--- Information provided Enclosed Below ---

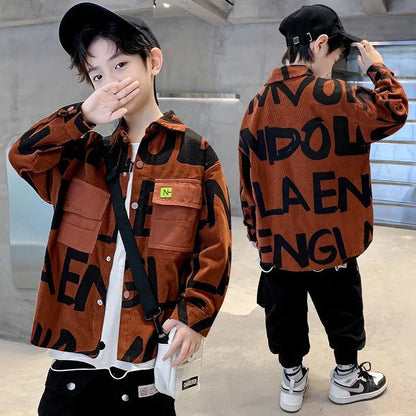 Boys Corduroy Long Sleeve Shirt Lightweight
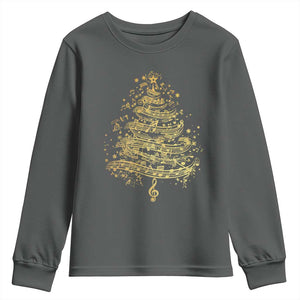 Music Christmas Tree Youth Sweatshirt Musician Music Lover Gift TS10 Dark Heather Print Your Wear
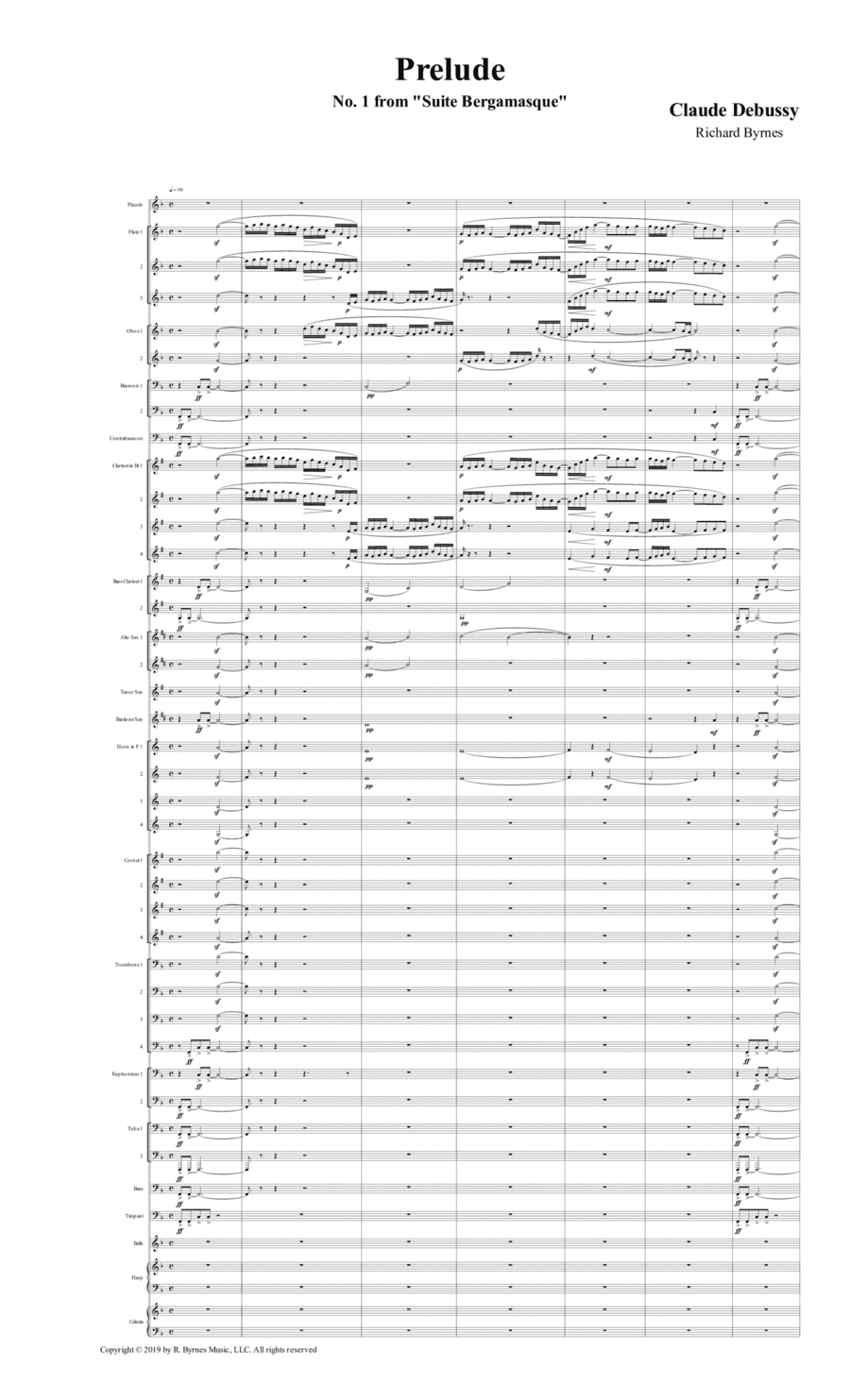 Suite Bergamasque, No. 1 Prélude (Symphonic Band) (arr. Richard Byrnes)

--- End of Enclosed Information provided ---

* Action item
Set the entire listing down again, exact in every line, without any pictures.

* Written reply
 Boys Corduroy Long Sleeve Shirt Lightweight
 Music Christmas Tree Youth Sweatshirt Musician Music Lover Gift TS10 Dark Heather Print Your Wear
 Suite Bergamasque, No. 1 Prélude (Symphonic Band) (arr. Richard Byrnes)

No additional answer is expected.